Post-apocalyptic films have the unique ability to examine mankind’s most brutal instincts and basest desires.  No film so fully embodies the potential of this sub-genre to shake its audience from their complacency and does so with such unflinching lucidity as George Miller’s The Road Warrior.  From the brown desert clashing against a bright blue sky to the harsh black leather against the softness of white flesh, Miller paints, in unapologetically broad strokes, a frightening yet thrilling picture of a world devolved into a Darwinian nightmare.  Dominated by two groups – one a tribe of leather-bound savages, the other a roughshod militia, clad in angelic white cloth, that hoards what remains of the oil supply in the infinitesimal hope of making the 2,000 mile trek to the coast – the film re-imagines the Australian outback as a desolate wasteland upon which it takes its central protagonist, Mad Max, and transforms him from vengeful cop to an almost mythical being who saves mankind from the depths of Hell before disappearing down the seemingly endless stretch of highway where the film’s drama unfolded.

Despite becoming something of a savior to the gas-guzzlers, Max is anything but a Christ figure.  In fact, he isn’t much of anything now that he’s quenched his thirst for revenge.  He merely wants enough gas so he can be on his way and the fact that the film makes it fairly explicit that Max has literally nowhere to go makes him, and the film, infinitely more interesting.  In this post-apocalypse, he shares neither the hope for a bright future nor the hatred necessary to devolve into barbarism as exhibited by the Alice Springs chapter of Sadomasochists Anonymous, but rather embodies the purely instinctual desire for survival.  Devoid of any need for human connection or communication, Max oddly enough represents the realist stuck between two opposing extremes.

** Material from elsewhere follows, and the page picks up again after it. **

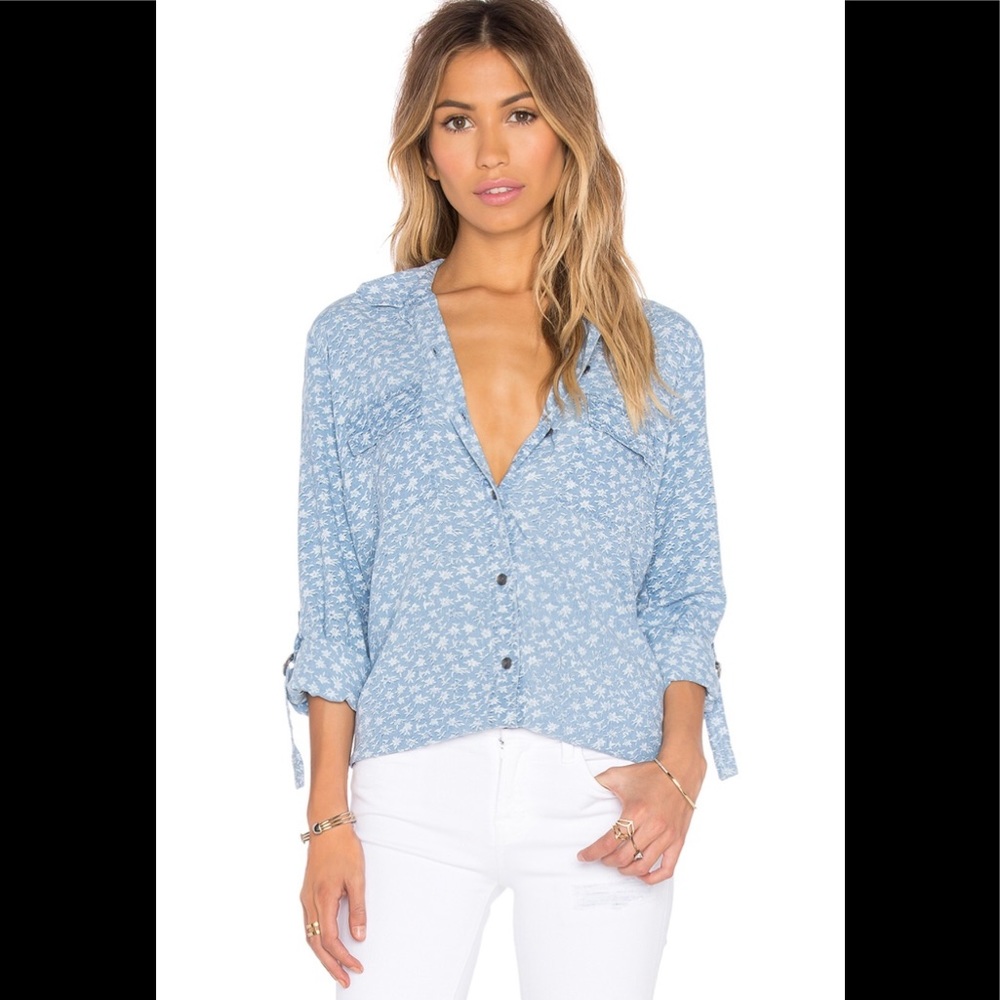 SPLENDID PARADISE INDIGO FLORAL BUTTON LIGHT WASH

Considering that while Humungus and his band of miscreants have been offed by film’s end, the “white militia” will surely face similar threats tenfold so the dream of actually reaching the coast is feeble at best and more than likely as delusional as Sam Lowry’s magnificent fantasies in Brazil, whose fate I wager they share.  The explosion of their home near the end of the film can be interpreted as a hopeful beginning of a journey towards regeneration and a new and better place, but realistically, it represents the impossibility of achieving stability and the notion that home, in this new world of there’s, is now a transitory concept; one that can only exist peacefully when confined to the imagination.  It is Max alone, the embodiment of objective, unemotional rationale who meets the brutality of this world head on, realizing that greed has destroyed the potential for anything more than fleeting happiness, so he is left like a hamster on a wheel to drive and survive since that is what his base instincts demand of him.  The film doesn’t necessarily side with his worldview nor does it push it upon the viewer, but that it’s presented in such a way that takes nothing away from the sheer spectacle of the film and its mesmerizing set pieces speaks to the skill with which Miller mixes genre tropes with social commentary.  Nihilism has never been so fun!